As of May 11, Aksionov reported 126 COVID-19 cases in the city of Sevastopol and 202 cases in the rest of the peninsula, for 328 cases in total. The self-isolation edict was lifted on 18 May, and was instead replaced with a recommendation to only avoid unnecessary travel. However, residents over the age of 65 in Crimea were still required to stay at home, and the requirements for the use of masks and minors being prohibited from public places without parental supervision were not lifted with the self-isolation one. Compared to other Russian federal subjects, Crimea appeared to be one of the least affected regions to date by May, in comparison to Kaluga Oblast (which has half the population), having over 2,600 cases by this date.

===July 2020===
According to the Crimean Human Rights Group, on 10 July 2020 there were ten new cases in Crimea including Sevastopol. The total count by this date was 1,089 with 37 deaths.

=== August 2020 ===
On 28 August, it was reported there was a record single-day increase of 84 new cases, the highest figure in Crimea since the start of the pandemic in March. Of those, 52 were due to contact with people who had the infection, 20 were from people seeking medical help, 11 were from screenings, and 1 case came from Uzbekistan. At the end of August, it was reported that there was a total of 2,271 confirmed cases in Crimea, of which 473 were in Sevastopol. Radio Svoboda, however, at the time said that the statistic was like signficantly underestimated due to underreporting of cases within the military.

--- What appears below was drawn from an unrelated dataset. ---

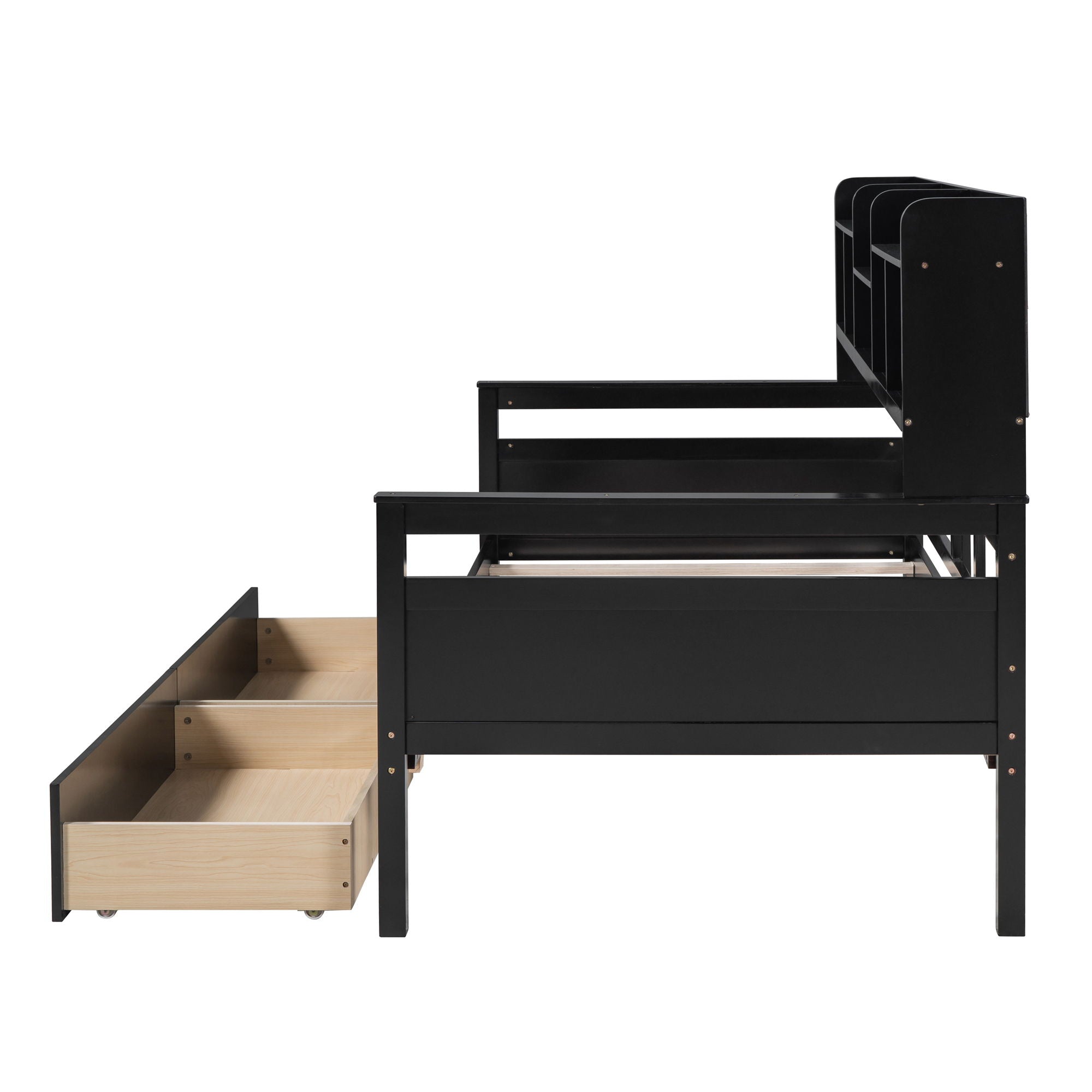 Daybed, Wood Slat Support, With Bedside Shelves And Two Drawers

=== October-November 2021 ===
At the beginning of November 2021, it was reported that the number of cases of the infection was spreading sharply, at least since mid-September. Since 16 September, there has been a continuous increase in cases for 47 days in a row, and on 3 October 2021, it was reported that there was a historical maximum of 421 cases in one day. Just a few weeks later, on 1 November 2021, the historical maximum increased to 725 cases in one day. The confirmed cases reached 97,496, with 3,010 people having died. The record number of deaths in Crimea from COVID-19 in a single day was also set during this time, on 29 October, with 18 deaths in a day.

In response to this, the authorities heavily tightened restrictions in late October 2021. Under these restrictions, entertainment centers were banned from operating on weekends, restaurants and cafes were prohibited from operating at certain times, and residents over the age of 60 were again required to self-isolate, with the exception being those who had a demonstrated vaccine or who had previously had the infection. Entry into hotels, sanatoriums, and buildings that had an area of more than 300 square meters also now had the requirement of presenting a QR code confirming vaccination or a previous infection. However, Aksionov also confirmed that a complete lockdown of Crimea was not planned, only heavy restrictions.

== Medical response ==
In a 2021 article by Wiadomości Lekarskie, the journal of the Polish Medical Association, it was noted that there were structural factors that had increased the impact of COVID-19 in Crimea specifically. In the paper, the authors said that the reorganisation of Crimea's healthcare system after 2014, which replaced the model with a Russian insurance medicine model, had greatly reduced medical personnel and left hospital infrastructure in conditions not up to date by the time of the start of the pandemic. Also, people who had not obtained Russian citizenship by the start of the pandemic, such as the minority who had retained their Ukrainian citizenship, had difficulties accessing state medical services. Other factors identified that led to an increase by 2021 included restrictions on WHO-recognised COVID-19 vaccines outside of Russian-produced ones, such as Sputnik V, during a time of limited medical supply and the restriction of European-certified medications, with both having limited available treatment options.

Another paper by the Bulletin of Physiotherapy and Balneology from the Crimean Federal University also found that, specific to Crimea, anti-epidemic measures needed to be implemented that prevented prolonged close contact in shared spaces, which was common with sanatorium tourism in the region, given evidence that COVID-19 spread more readily through contact than brief airborne exposure.